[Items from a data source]
━━━━━━━━━━━━━━━━━━━━━━━━━━━━━━

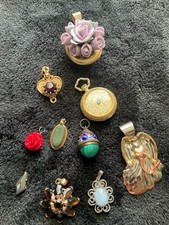 Vintage jewelry pendants for sale  Drexel Hill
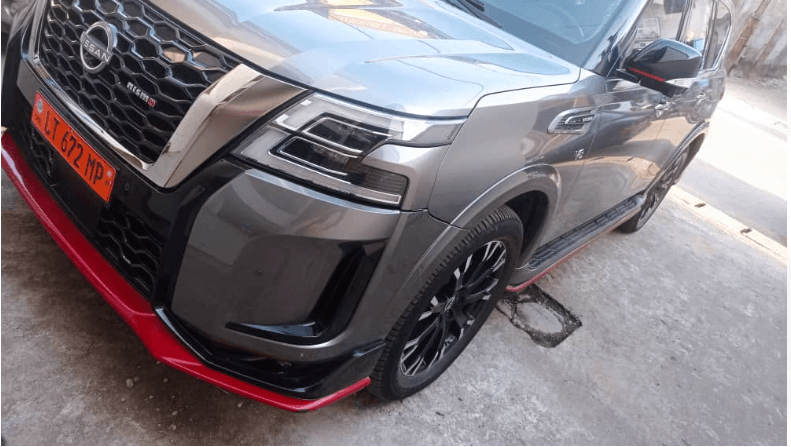 NISSAN PATROL ANNÉE 2022 — Photo 4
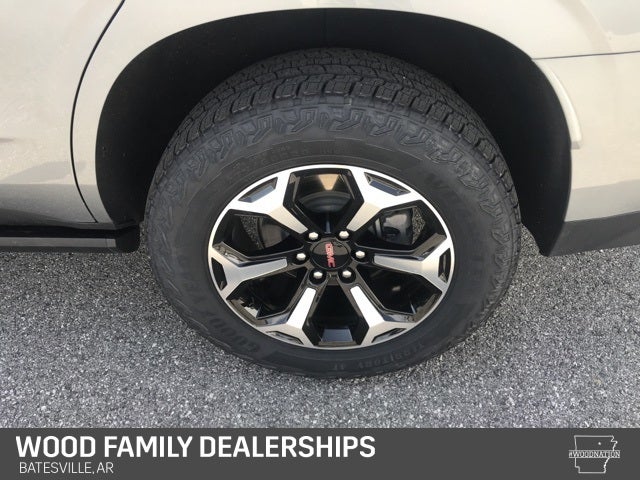 2024 GMC Yukon 4WD AT4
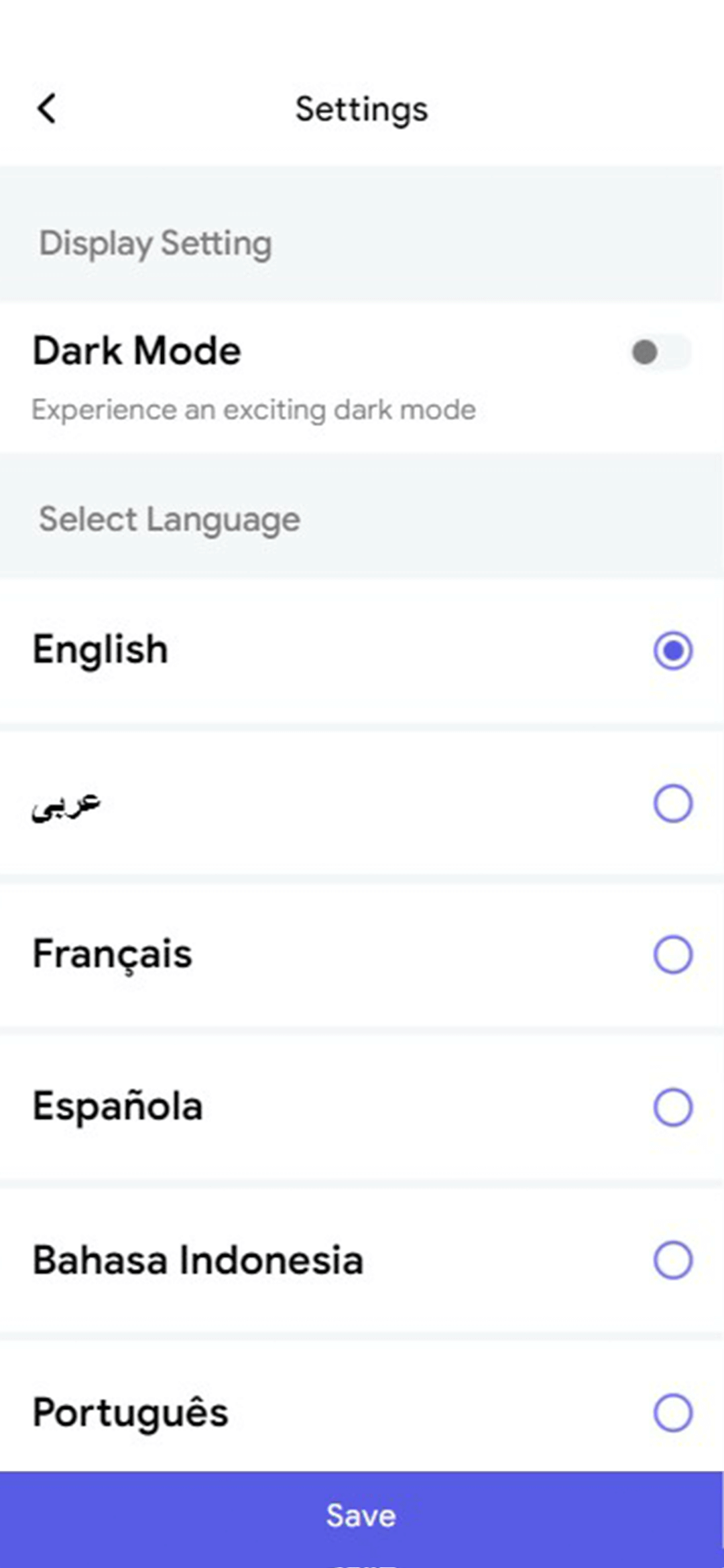 Delivoo User App Apptivos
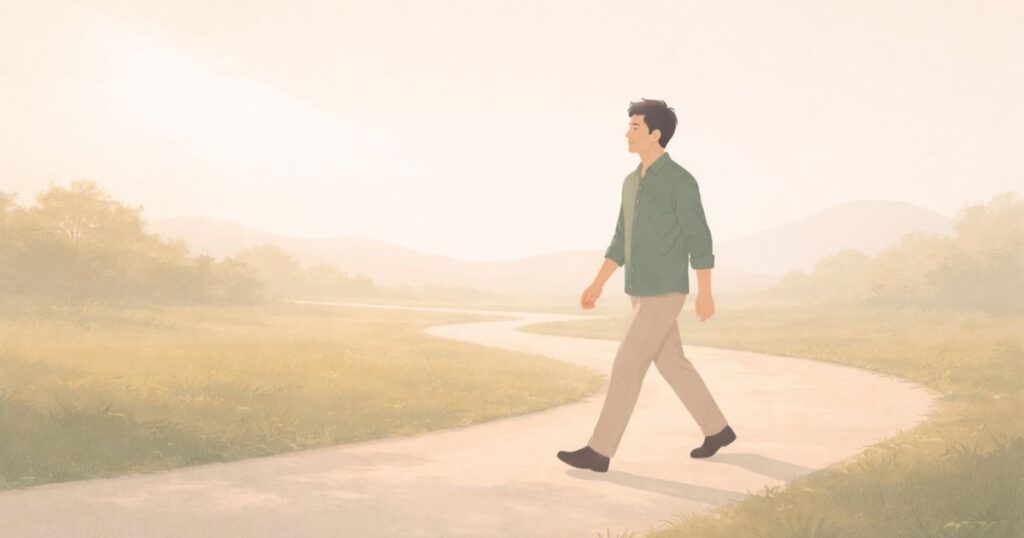 方向性を見つけるために変えるべき5つのこと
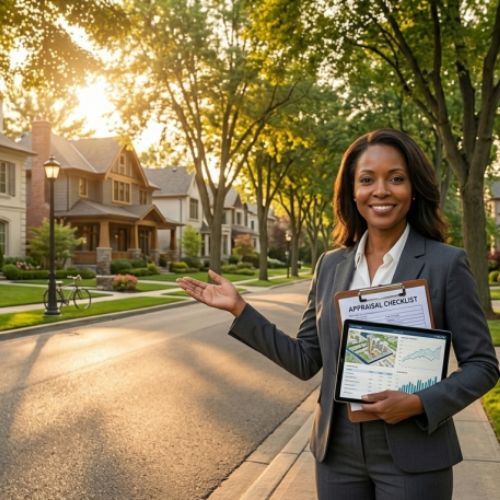 Real Estate Appraiser in Brentwood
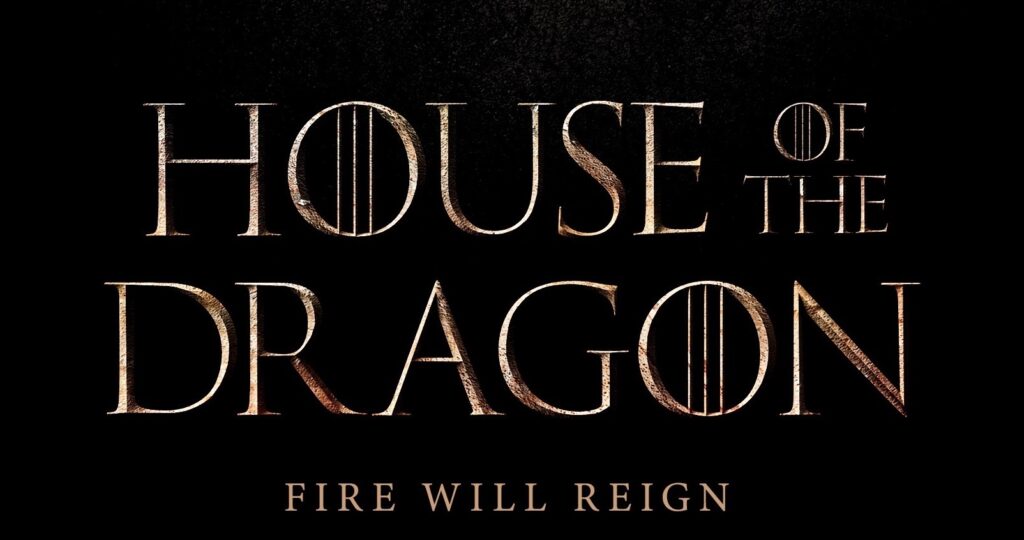 HBO announces House of Dragon release date DNP INDIA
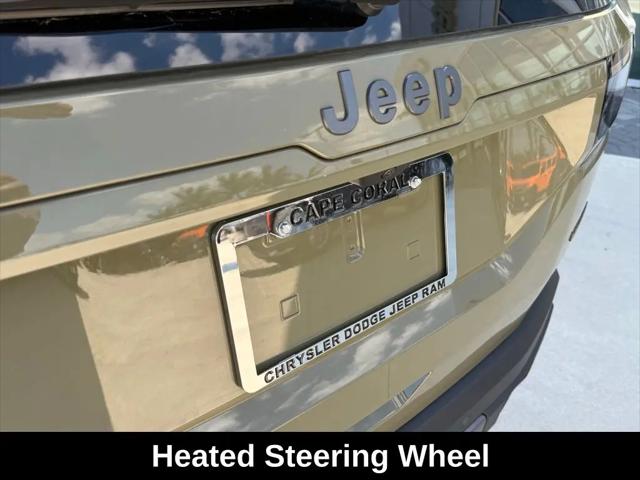 2026 Jeep Cherokee Limited 4x4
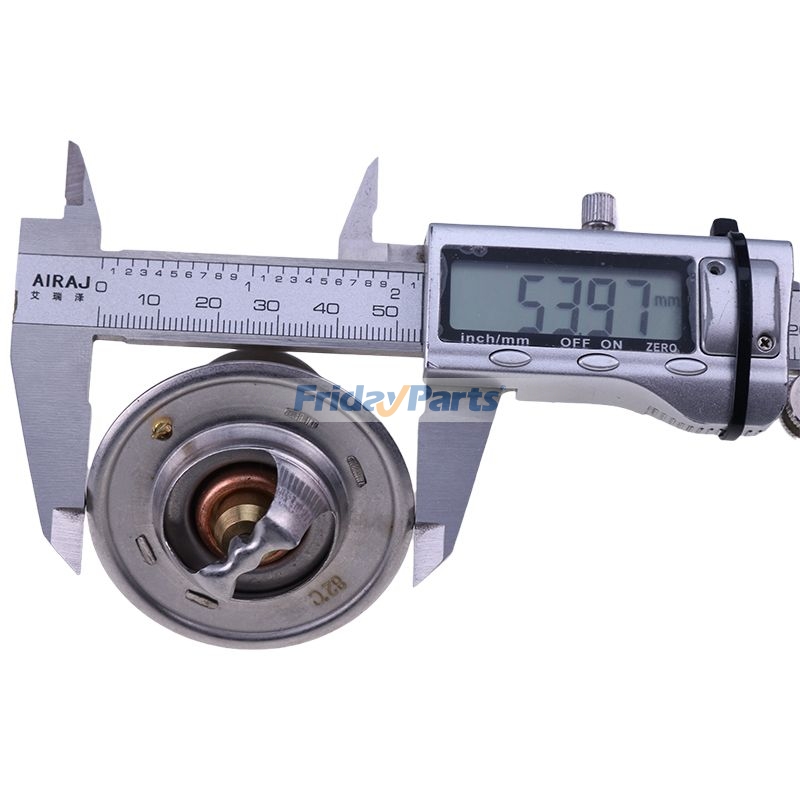 Thermostat fit 712-37 540für LaderFür JCB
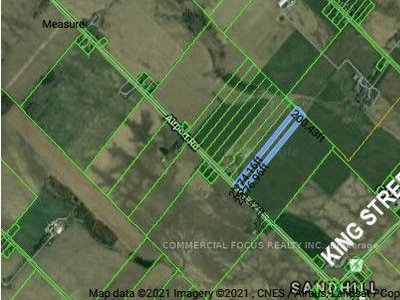 Lot 12 Airport Rd Caledon Ontario - Great Opportunity!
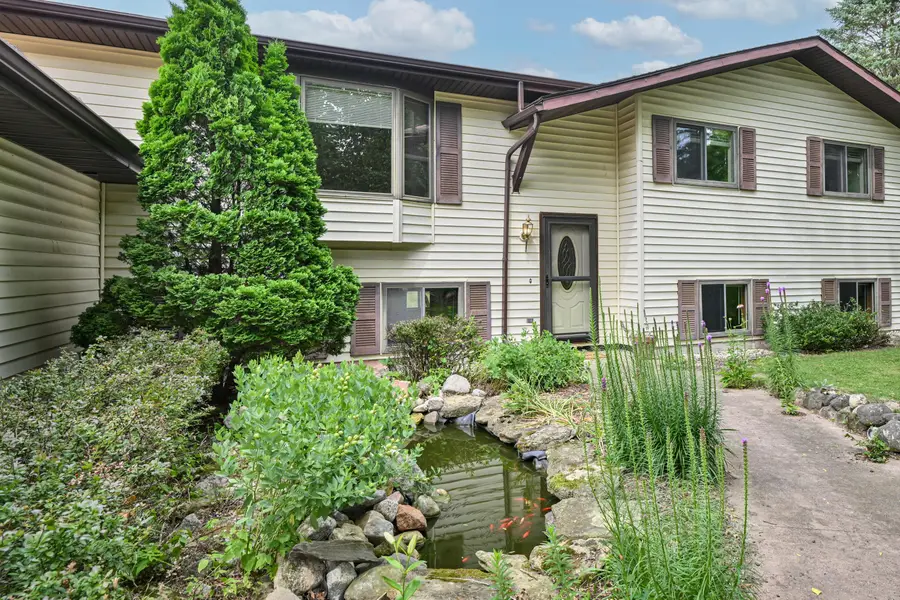 4751 E Oakview Dr, Milton, WI 53563 - #2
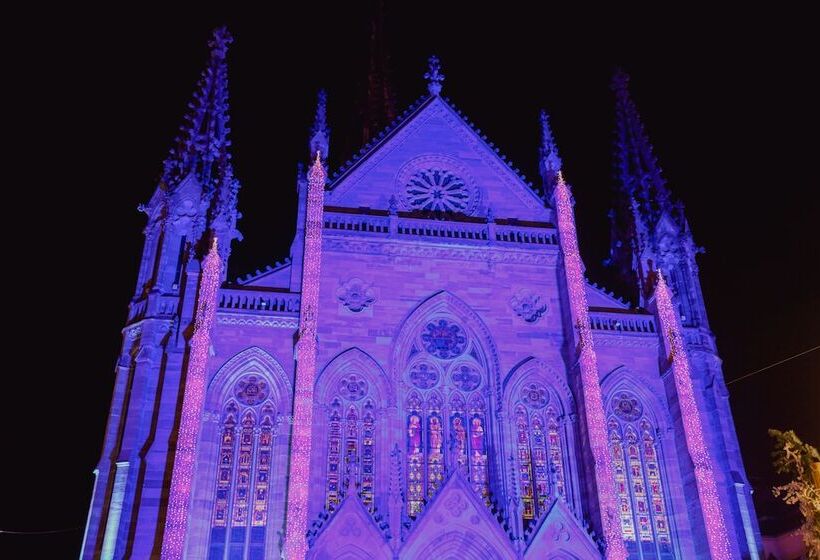 호텔 La Maison Hôtel Mulhouse Centre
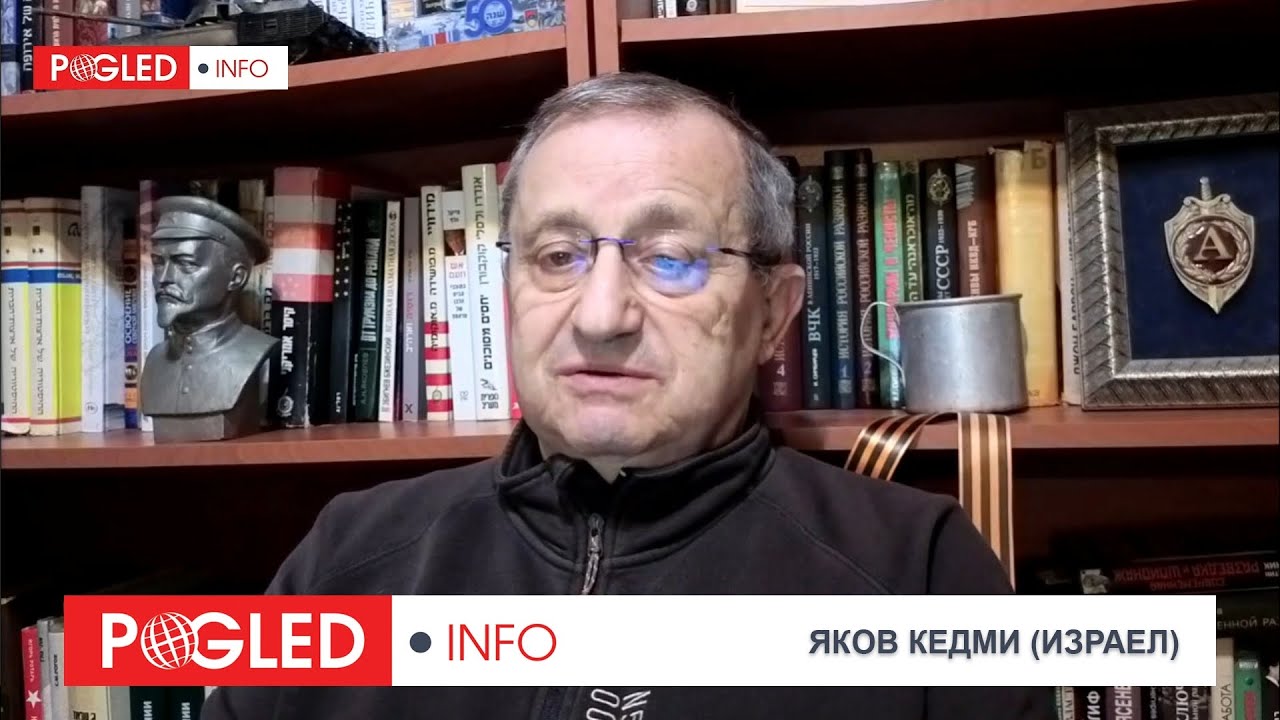 Педофилия, ложь и власть: Яков Кедми срывает фасад «морального» Запада.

━━━━━━━━━━━━━━━━━━━━━━━━━━━━━━

→ **TASK GOAL**: Reproduce the data above word for word and omit the images.

→ **RESULT**:
 Vintage jewelry pendants for sale  Drexel Hill
 NISSAN PATROL ANNÉE 2022 — Photo 4
 2024 GMC Yukon 4WD AT4
 Delivoo User App Apptivos
 方向性を見つけるために変えるべき5つのこと
 Real Estate Appraiser in Brentwood
 HBO announces House of Dragon release date DNP INDIA
 2026 Jeep Cherokee Limited 4x4
 Thermostat fit 712-37 540für LaderFür JCB
 Lot 12 Airport Rd Caledon Ontario - Great Opportunity!
 4751 E Oakview Dr, Milton, WI 53563 - #2
 호텔 La Maison Hôtel Mulhouse Centre
 Педофилия, ложь и власть: Яков Кедми срывает фасад «морального» Запада.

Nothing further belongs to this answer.